## INSTRUCTIONS TO FOLLOW
Starting at the line that contains "两寸衬衣图片-两寸衬衣图片素材免费下载-千库网", retype each line to the end of the listing below. Include both ends, but not the pictures.

## RECORDS FOR THIS TASK
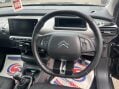 Citroen C4 Cactus 1.2 PureTech GPF Flair Euro 6 (s/s) 5dr 19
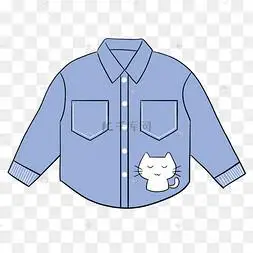 两寸衬衣图片-两寸衬衣图片素材免费下载-千库网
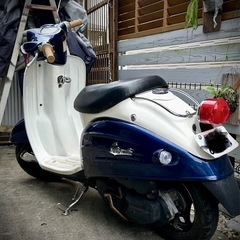 スズキ　　うヴェルデ の画像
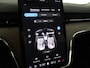 Volvo EX90 Twin Motor Ultra 7p. 111 kWh | Luchtvering | Pilot Assist Pack | Bowers & Wilkins | Trekhaak |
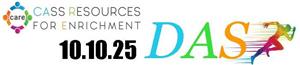 DASH flier 2025v2_Page_1.jpg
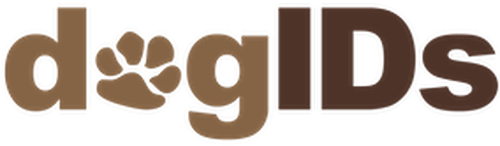 Personalized Genuine Dog Co...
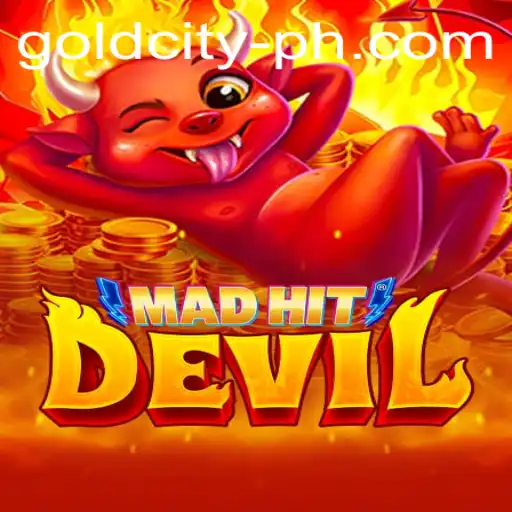 MadHitDevil: Unveiling the Adventure of Gold City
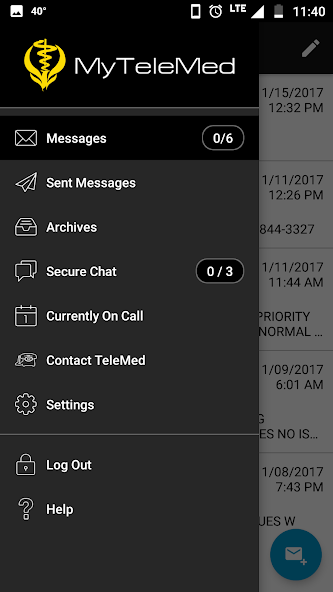 MyTeleMed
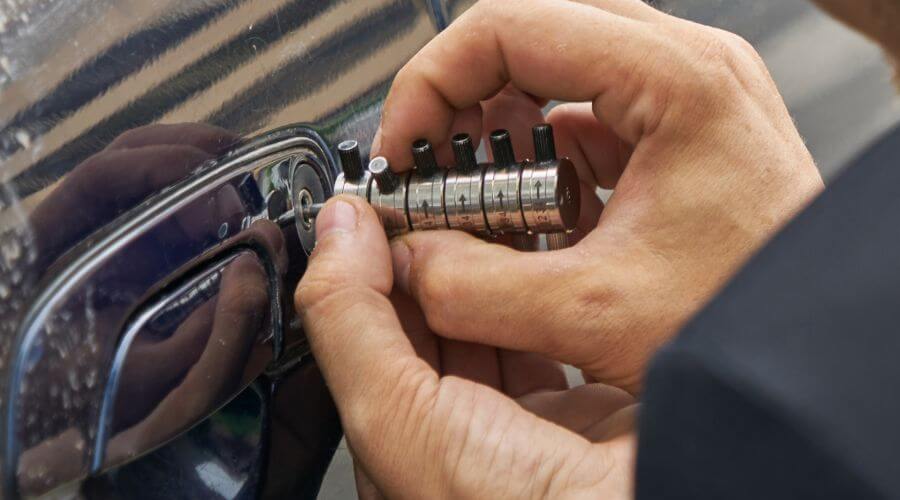 Professional Storm Sewer Service in Cohoctah, MI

## RESULT
 两寸衬衣图片-两寸衬衣图片素材免费下载-千库网
 スズキ　　うヴェルデ の画像
 Volvo EX90 Twin Motor Ultra 7p. 111 kWh | Luchtvering | Pilot Assist Pack | Bowers & Wilkins | Trekhaak |
 DASH flier 2025v2_Page_1.jpg
 Personalized Genuine Dog Co...
 MadHitDevil: Unveiling the Adventure of Gold City
 MyTeleMed
 Professional Storm Sewer Service in Cohoctah, MI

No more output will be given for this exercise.